Sorting using radix sort

Question

I was reading radix sort from this site I am confused in the 3rd for loop:

for (i = n - 1; i >= 0; i--) {
    output[freq[(arr[i] / place) % range] - 1] = arr[i];
    freq[(arr[i] / place) % range]--;
}

Why did they start it from the end as when I tried to start it from 0, it gives me the wrong answer? Any explanation or solution would be appreciated.

Answer 1

Because freq contains the cumulative number of elements in each position in the range. That is, for a range of i=0-9, freq[i] contains the number of digits that are placed on positions 0, ..., i.

The algorithm uses freq to keep track of how many items it needs to draw from initial array to the output array for each position.

Assuming 10,21,17,34,44,11,654,123 as input, running count-sort for first insignificant digit:

0: 10
1: 21 11
2:
3: 123
4: 34 44 654
5:
6:
7: 17
8:
9: 

freq would be as:

0: 1
1: 3
2: 3
3: 4
4: 7
5: 7
6: 7
7: 8
8: 8
9: 8

So, the array becomes 10,21,11,123,34,44,654,17.
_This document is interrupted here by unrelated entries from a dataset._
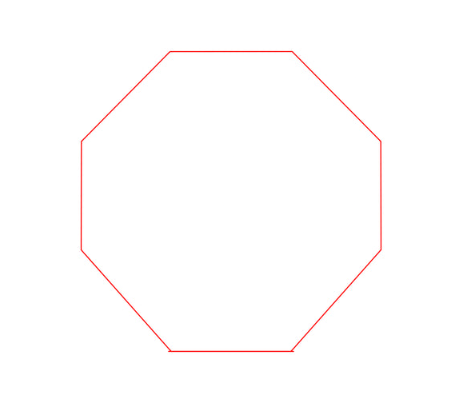 Glasmedaille GM67 Ø 75mm - Klar / 75 x 75mm / Lasergravur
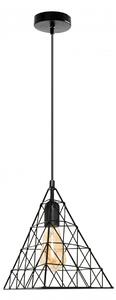 TooLight Stropní svítidlo Triangle LH2058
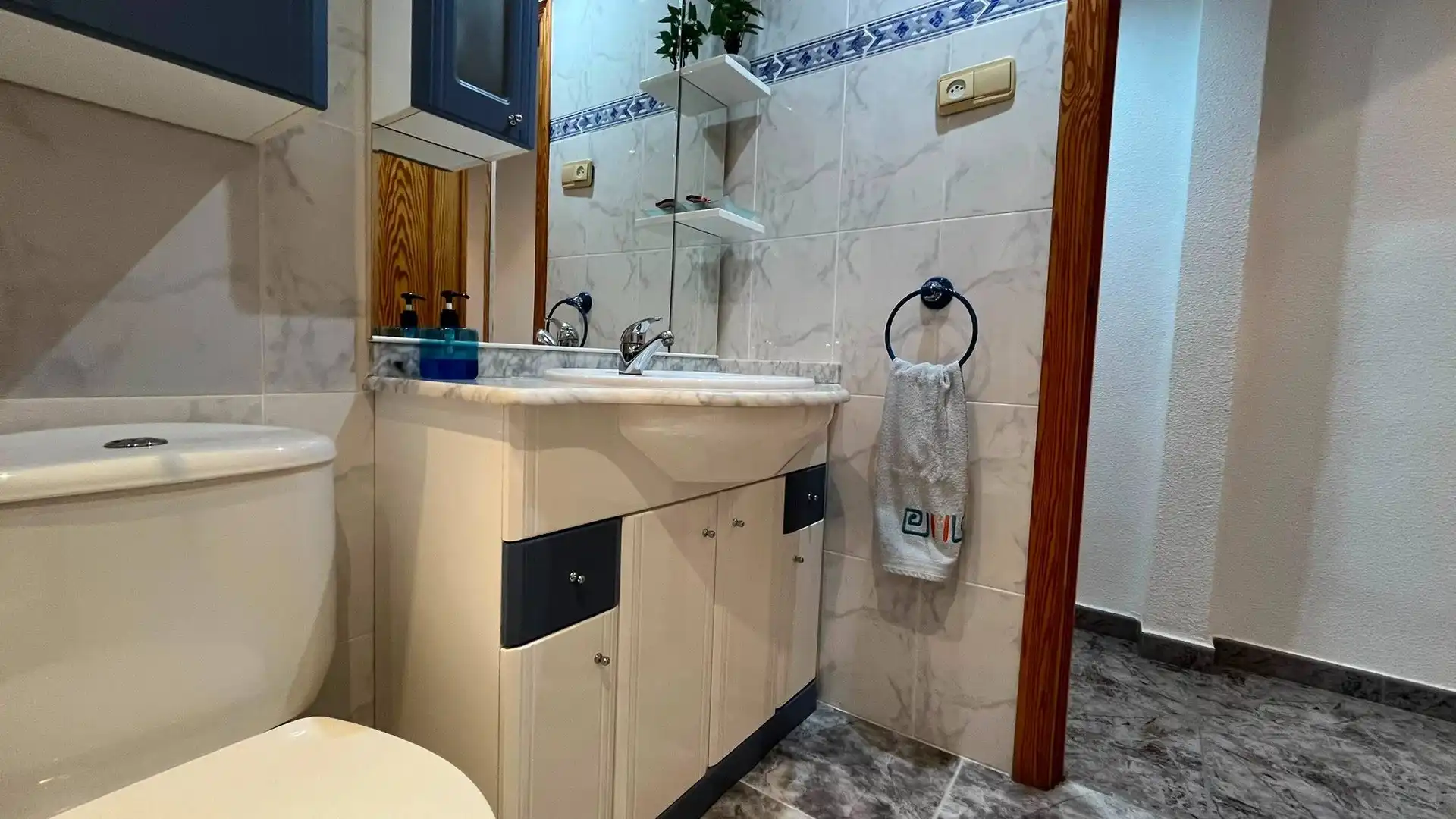 Appartement à vendre à Calle PATRICIO RUIZ GOMEZ, imagen 21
You need to loop backwards to keep the original order of numbers with the same digit, because how the freq is built. Suppose you want to place 34 to its right place on the output. According to the freq array, if loop forward, you would place it on the 7th position which is incorrect. If you loop backwards, you have already placed 654 and 44 before reaching 34, so freq[4]=5 by then which is the correct place.